One thing I notice, Catholic resources for chastity are very often geared toward young people - teenagers and young adults. The idea seems to be, if you never start, you never have to quit (and quitting can be quite difficult). These resources are not so helpful for those with an established habit, but still better than nothing.

As for priests bringing up the subject, it is still socially taboo, not to mention an age-appropriate subject. How would parents with very young children feel if Father made this the topic of every other homily? Whenever I bring up the subject in the confessional, the priests I encounter are never shy, and always offer some sort of pastoral advice.

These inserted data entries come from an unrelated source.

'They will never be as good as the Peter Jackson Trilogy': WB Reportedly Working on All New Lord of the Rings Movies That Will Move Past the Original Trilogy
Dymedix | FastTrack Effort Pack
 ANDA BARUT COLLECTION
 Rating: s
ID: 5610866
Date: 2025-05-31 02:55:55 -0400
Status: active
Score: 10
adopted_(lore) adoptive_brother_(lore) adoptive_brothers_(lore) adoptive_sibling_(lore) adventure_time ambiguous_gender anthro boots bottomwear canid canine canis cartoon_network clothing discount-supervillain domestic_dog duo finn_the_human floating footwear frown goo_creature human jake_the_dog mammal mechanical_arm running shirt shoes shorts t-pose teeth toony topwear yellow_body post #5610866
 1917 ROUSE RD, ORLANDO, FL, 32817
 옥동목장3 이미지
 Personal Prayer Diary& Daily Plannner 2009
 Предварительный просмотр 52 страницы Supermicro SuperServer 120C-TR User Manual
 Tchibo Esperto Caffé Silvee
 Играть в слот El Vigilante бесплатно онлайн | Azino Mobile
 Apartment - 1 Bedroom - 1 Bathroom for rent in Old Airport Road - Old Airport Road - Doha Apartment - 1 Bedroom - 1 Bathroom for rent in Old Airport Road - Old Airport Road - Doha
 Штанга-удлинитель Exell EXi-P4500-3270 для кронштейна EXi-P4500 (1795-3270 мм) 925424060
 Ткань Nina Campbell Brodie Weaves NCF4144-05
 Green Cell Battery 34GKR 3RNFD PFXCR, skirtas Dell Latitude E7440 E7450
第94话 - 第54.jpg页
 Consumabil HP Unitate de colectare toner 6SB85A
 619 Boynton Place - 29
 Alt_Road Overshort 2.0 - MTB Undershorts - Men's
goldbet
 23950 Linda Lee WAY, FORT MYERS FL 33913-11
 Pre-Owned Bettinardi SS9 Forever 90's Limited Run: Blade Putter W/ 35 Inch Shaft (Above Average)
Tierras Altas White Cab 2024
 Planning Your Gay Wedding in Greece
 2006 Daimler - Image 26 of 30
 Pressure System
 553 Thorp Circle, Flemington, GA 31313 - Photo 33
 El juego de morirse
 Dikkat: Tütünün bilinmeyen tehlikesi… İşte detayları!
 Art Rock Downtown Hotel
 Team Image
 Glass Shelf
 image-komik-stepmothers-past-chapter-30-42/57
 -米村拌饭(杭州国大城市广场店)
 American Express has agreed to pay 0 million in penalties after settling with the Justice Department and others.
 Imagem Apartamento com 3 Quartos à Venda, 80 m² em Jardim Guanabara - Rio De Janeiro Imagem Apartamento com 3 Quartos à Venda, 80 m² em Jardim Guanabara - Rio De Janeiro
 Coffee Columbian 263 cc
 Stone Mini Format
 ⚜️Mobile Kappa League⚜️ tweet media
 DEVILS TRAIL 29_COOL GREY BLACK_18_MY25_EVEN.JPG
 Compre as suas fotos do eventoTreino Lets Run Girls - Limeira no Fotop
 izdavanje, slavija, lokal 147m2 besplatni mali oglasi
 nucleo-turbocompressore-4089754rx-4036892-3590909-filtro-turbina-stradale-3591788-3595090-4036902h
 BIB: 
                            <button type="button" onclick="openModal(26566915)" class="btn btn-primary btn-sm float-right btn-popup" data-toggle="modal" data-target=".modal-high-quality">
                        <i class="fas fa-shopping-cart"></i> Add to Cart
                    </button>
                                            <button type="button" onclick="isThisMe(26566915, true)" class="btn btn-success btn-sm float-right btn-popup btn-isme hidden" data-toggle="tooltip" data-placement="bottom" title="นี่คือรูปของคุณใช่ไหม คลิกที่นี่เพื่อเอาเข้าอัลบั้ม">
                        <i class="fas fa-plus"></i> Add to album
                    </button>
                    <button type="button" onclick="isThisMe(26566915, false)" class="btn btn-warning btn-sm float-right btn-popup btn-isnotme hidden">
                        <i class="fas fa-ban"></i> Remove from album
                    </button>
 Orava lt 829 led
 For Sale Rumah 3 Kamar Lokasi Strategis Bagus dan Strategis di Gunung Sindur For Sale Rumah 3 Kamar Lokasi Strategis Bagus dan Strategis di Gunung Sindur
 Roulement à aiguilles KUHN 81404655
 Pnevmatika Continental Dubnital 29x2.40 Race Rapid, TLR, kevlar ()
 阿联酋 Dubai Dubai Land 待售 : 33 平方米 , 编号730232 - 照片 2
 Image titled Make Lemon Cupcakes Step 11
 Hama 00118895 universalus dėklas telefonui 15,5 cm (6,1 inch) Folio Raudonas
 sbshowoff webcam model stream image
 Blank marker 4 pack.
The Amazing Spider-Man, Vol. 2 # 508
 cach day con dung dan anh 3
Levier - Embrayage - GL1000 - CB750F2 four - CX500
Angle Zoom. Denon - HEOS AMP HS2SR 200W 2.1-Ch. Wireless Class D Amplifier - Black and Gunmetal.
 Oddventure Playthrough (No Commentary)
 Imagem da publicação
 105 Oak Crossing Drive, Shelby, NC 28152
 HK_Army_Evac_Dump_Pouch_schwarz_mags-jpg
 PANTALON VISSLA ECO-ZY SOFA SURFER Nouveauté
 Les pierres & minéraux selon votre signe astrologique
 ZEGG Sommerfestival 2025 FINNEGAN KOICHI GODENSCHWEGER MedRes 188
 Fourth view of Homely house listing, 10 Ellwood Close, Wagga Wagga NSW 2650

The bottom line for me is, once you start, quitting will require diligence and very often hard work. Most people, myself included, do not want to face this. We want easy. Asking another for help will take us out of our cocoon comfort zone, and we resist this as well. The situation is far from hopeless, however, if overcoming it is truly our intention.


#5

:thumbsup: Shout out for Reclaim and Candeo! These are arguably the two best programs which integrate both the spiritual and psychological approach to recovering a balanced and chaste sexuality that I have yet seen. Reclaim is specifically set up for Catholics, under the guidance of Bishop David Ricken of the Diocese of Green Bay, Wisconsin.


#6

[quote="Estevao, post:1, topic:345145"]
onesaint.org/uploads/1/1/9/4/11942290/alphonsushellswidestgate-impurityetc..pdf
Thoughts on article?

[/quote]

Ok, now I have read what good St. Alphonsus Liguori has to say. Are you suggesting that a return to fire and brimstone sermons will help solve this problem? Like it or not, the Sexual Revolution did occur, in spite of fiery preaching. I am not so convinced that a fear based approach ever really did keep people from carrying out deeds of darkness (or deeds of solitary sin often done in darkness). More likely, it left them with silent shame, afraid of facing reproach instead of forgiveness in the confessional.

We need to hear the true teaching of the Church, yes, but to close our eyes to a better physiological and psychological understanding of the nature of habitual sin would be foolish, in my opinion.


#7

I would go so far as to say, because of such preaching, especially when it became obsessive and other equally grave matters were neglected. (I’m not referring to St. Alphonsus, who was a great saint and preacher, but to some of his successors who lacked proportion.) Restraints are a tricky thing. Too little, and we run wild. Too much, and we struggle to break free, wounding ourselves in the process. Striking a balance is what the Church has always tried to do. Bl. John Paul II’s Theology of the Body is an excellent example. :slight_smile:


#8

The OP laments the lack of solutions offered in the article referenced in the first post. It may be that there are not simple, canned solutions. But, there are various good and proper strategies, but none are guaranteed to "work" for everyone. And what does "work" mean? If you get married, you will probably stop. As you get older, your desire naturally wanes, and you may eventually stop.

Further, the experience of each individual is different. I know one woman who tells me she has never masturbated, and moreover, has never experienced the slightest desire or inclination to do so. Clearly, we humans are very diverse!

It would be a mistake to assume that everyone who has masturbated is headed for the psychological issues covered in the article. Yes, it's better not to start, but that won't be the situation for a majority of teens (boys at least). But, the occurrences will be minimised if their life is otherwise well ordered, and happy.